Learning Arabic is a lot of fun. With the current political situation, being able to speak Arabic right now can be particularly rewarding.
We hear a lot of news about what is going on in Egypt, Syria and other Arab-spring countries. But this news is told to us by the West using western journalists. What do Syrians and Egyptians think? What is the news they are told? Do they know what we know or is their information different to ours? What is their perspective?
If you can read and speak Arabic, the answers to these questions are at your fingertips.
So how to learn Arabic?
The best way to learn Arabic is to immerse yourself in it. If you are travelling to an Arabic-speaking country, try to spend some time with the locals and away from other English speakers. Learning a language is all about practice.

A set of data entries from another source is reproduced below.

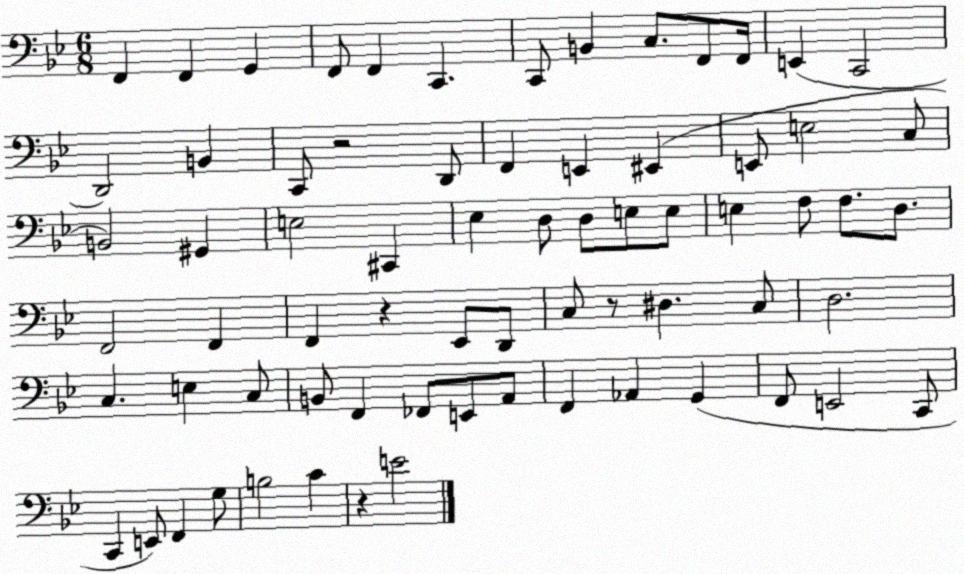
X:1
T:Untitled
M:6/8
L:1/4
K:Bb
F,, F,, G,, F,,/2 F,, C,, C,,/2 B,, C,/2 F,,/2 F,,/4 E,, C,,2 D,,2 B,, C,,/2 z2 D,,/2 F,, E,, ^E,, E,,/2 E,2 C,/2 B,,2 ^G,, E,2 ^C,, _E, D,/2 D,/2 E,/2 E,/2 E, F,/2 F,/2 D,/2 F,,2 F,, F,, z _E,,/2 D,,/2 C,/2 z/2 ^D, C,/2 D,2 C, E, C,/2 B,,/2 F,, _F,,/2 E,,/2 A,,/2 F,, _A,, G,, F,,/2 E,,2 C,,/2 C,, E,,/2 F,, G,/2 B,2 C z E2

Practice is the best way to learn vocabulary, recognise and use grammar and structures, and to convert your textbook knowledge into actually being able to speak the language.
If you aren’t in an Arabic-speaking country, the practice principle still applies. Join an immersion class so you have time every week where you are completely immersed in and are only speaking in- and listening to Arabic. Outside of class listen to music, watch movies and get a language exchange partner. Once your Arabic is more advanced you can read books (starting with children’s books). These activities should be fun and enjoyable – and more effective than learning vocabulary and reading textbooks. Learning vocabulary and using your textbook are of course excellent things to do, but if you are struggling for motivation, start with the no-pain options first.
Learning Arabic should be fun. In order to keep your motivation, you need to feel you are progressing. Immersion classes progress faster than English-based classes, because you are exposed to 80 minutes plus of Arabic per 1.5 hour class, as opposed to around 20 minutes in an English-based class.
Arabic is more difficult to learn than a European language because it has a different script to what we are used to. However you can still make excellent progress in Arabic, and achieve your goals of reading, writing and speaking Arabic fluently.